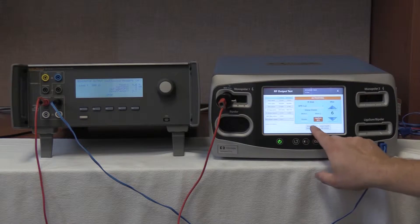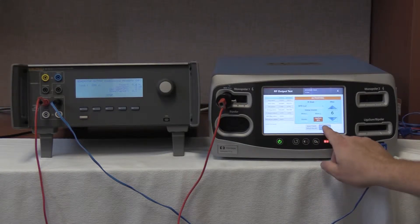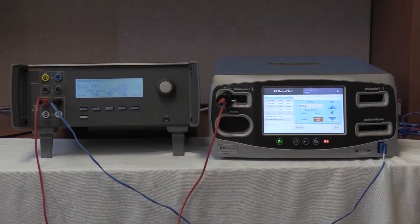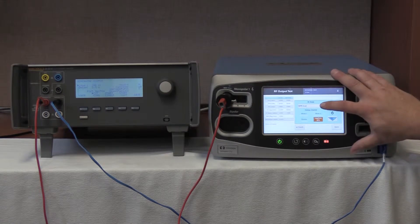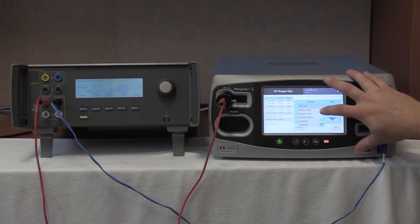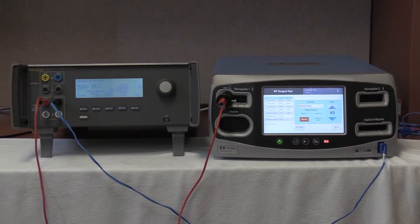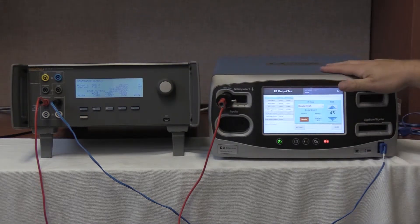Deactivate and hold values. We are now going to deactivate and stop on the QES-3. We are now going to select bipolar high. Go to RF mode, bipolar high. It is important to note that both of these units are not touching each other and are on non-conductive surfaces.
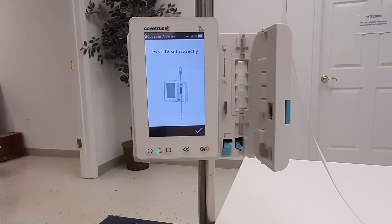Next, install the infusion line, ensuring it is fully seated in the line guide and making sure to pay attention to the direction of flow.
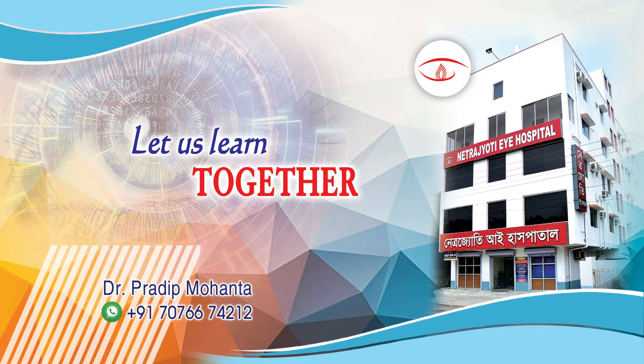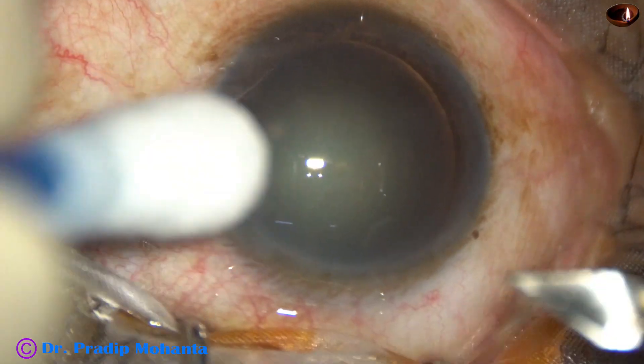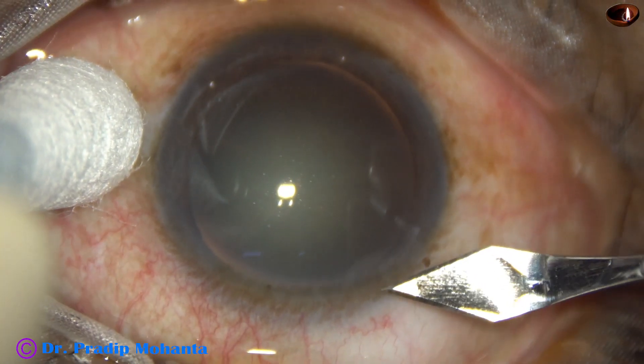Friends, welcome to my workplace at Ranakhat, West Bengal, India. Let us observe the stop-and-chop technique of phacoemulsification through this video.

=====

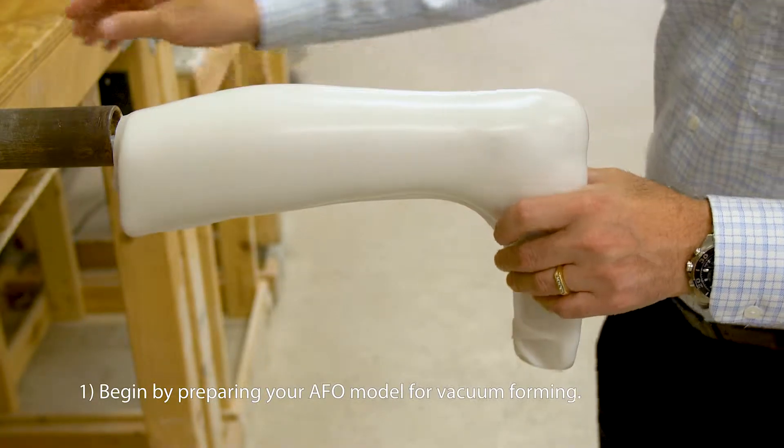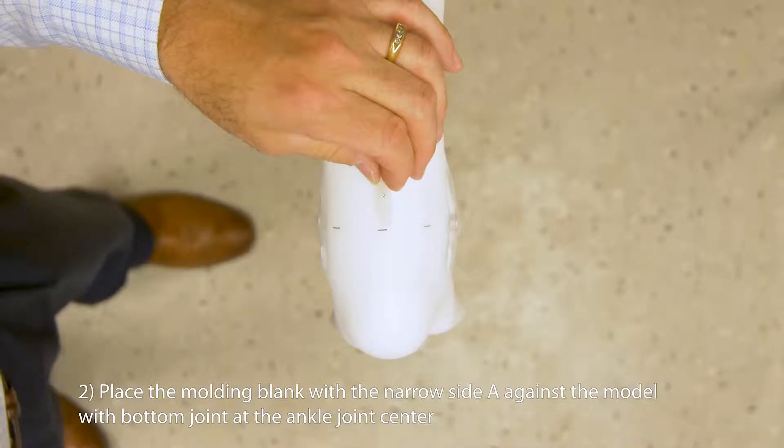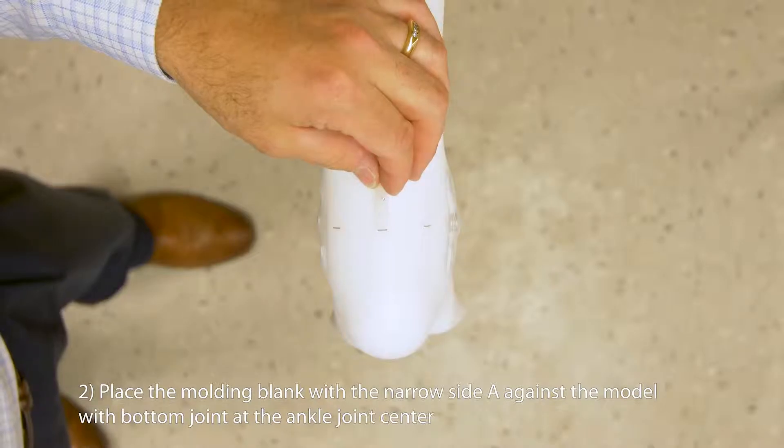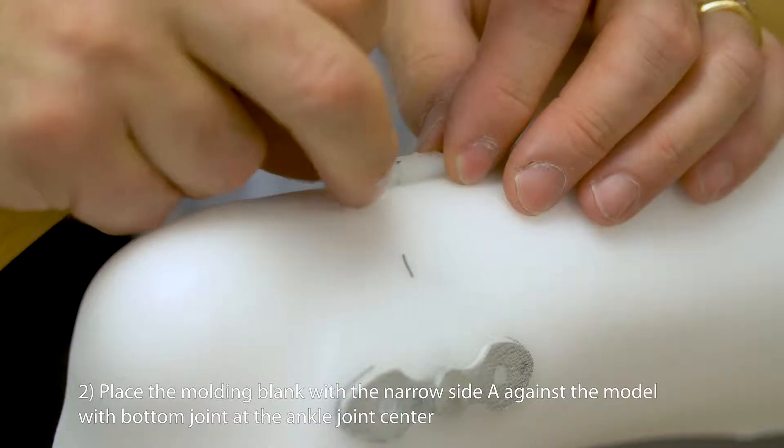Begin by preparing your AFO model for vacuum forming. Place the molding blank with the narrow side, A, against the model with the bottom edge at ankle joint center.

=====

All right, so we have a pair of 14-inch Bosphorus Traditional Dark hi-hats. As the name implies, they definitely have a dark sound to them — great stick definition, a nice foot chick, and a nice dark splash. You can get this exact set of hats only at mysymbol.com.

=====

ABOUT THIS TASK: The material above holds pictures; leave them out. Repeat exactly the lines from the one containing "Deactivate and hold" through the one containing "Friends, welcome to", and nothing else.

PROBLEM SOLUTION:
Deactivate and hold values. We are now going to deactivate and stop on the QES-3. We are now going to select bipolar high. Go to RF mode, bipolar high. It is important to note that both of these units are not touching each other and are on non-conductive surfaces.
Next, install the infusion line, ensuring it is fully seated in the line guide and making sure to pay attention to the direction of flow.
Friends, welcome to my workplace at Ranakhat, West Bengal, India. Let us observe the stop-and-chop technique of phacoemulsification through this video.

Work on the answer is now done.